Elastic Load Balancing also detects the health of EC2 instances. When it detects unhealthy Amazon EC2 instances, it no longer routes traffic to them. Instead, it spreads the load across the remaining healthy EC2 instances. If you have set up your EC2 instances in multiple Availability Zones, and all of your EC2 instances in one Availability Zone become unhealthy, Elastic Load Balancing will route traffic to your healthy EC2 instances in those other zones. When the unhealthy EC2 instances have been restored to a healthy state Elastic Load Balancing will resume load balancing to those instances. Additionally, Elastic Load Balancing is itself a distributed system that is fault tolerant and actively monitored.

Elastic Load Balancing also offers integration with Auto Scaling, which ensures that you have the back-end capacity available to meet varying traffic levels. Let's say that you want to make sure that the number of healthy EC2 instances behind an Elastic Load Balancer is never fewer than two. You can use Auto Scaling to set these conditions, and when Auto Scaling detects that a condition has been met, it automatically adds the requisite amount of EC2 instances to your Auto Scaling Group. Here's another example: If you want to make sure to add EC2 instances when the latency of any one of your instances exceeds 4 seconds over any 15 minute period, you can set that condition. Auto Scaling will take the appropriate action on your EC2 instances, even when running behind an Elastic Load Balancer. Auto Scaling works equally well for scaling EC2 instances whether you're using Elastic Load Balancing or not.

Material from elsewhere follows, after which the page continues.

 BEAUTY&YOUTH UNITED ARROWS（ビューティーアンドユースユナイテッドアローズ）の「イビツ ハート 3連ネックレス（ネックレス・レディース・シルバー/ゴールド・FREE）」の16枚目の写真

One of the major benefits of Elastic Load Balancing is that it abstracts out the complexity of managing, maintaining, and scaling load balancers. The service is designed to automatically add and remove capacity as needed, without needing any manual intervention.

Architecture of the Elastic Load Balancing Service and How It Works

There are two logical components in the Elastic Load Balancing service architecture: load balancers and a controller service. The load balancers are resources that monitor traffic and handle requests that come in through the Internet. The controller service monitors the load balancers, adds and removes capacity as needed, and verifies that load balancers are behaving properly.

Architecture of the Elastic Load Balancing Service

Scaling Elastic Load Balancers

Once you create an elastic load balancer, you must configure it to accept incoming traffic and route requests to your EC2 instances. These configuration parameters are stored by the controller, and the controller ensures that all of the load balancers are operating with the correct configuration. The controller will also monitor the load balancers and manage the capacity that is used to handle the client requests. It increases capacity by utilizing either larger resources (resources with higher performance characteristics) or more individual resources. The Elastic Load Balancing service will update the Domain Name System (DNS) record of the load balancer when it scales so that the new resources have their respective IP addresses registered in DNS. The DNS record that is created includes a Time-to-Live (TTL) setting of 60 seconds, with the expectation that clients will re-lookup the DNS at least every 60 seconds. By default, Elastic Load Balancing will return multiple IP addresses when clients perform a DNS resolution, with the records being randomly ordered on each DNS resolution request. As the traffic profile changes, the controller service will scale the load balancers to handle more requests, scaling equally in all Availability Zones.

Your load balancer will also perform health checks on the EC2 instances that are registered with the Elastic Load Balancing service. The health checks must reach the defined target set in the Elastic Load Balancing configuration for the number of successful checks before the instance is considered in service and healthy. For example, for any instance registered with Elastic Load Balancing, if you set the interval for health checks to 20 seconds, and you set the number of successful health checks to 10, then it will take at least 200 seconds before Elastic Load Balancing will route traffic to the instance. The health check also defines a failure threshold. For example, if you set the interval to 20 seconds, and you set the failure threshold at 4, then when an instance no longer responds to requests, at least 80 seconds will elapse before it is taken out of service. However, if an instance is terminated, traffic will no longer be sent to the terminated instance, but there can be a delay before the load balancer is aware that the instance was terminated. For this reason, it is important to de-register your instances before terminating them; instances will be removed from service in a much shorter amount of time if they are de-registered.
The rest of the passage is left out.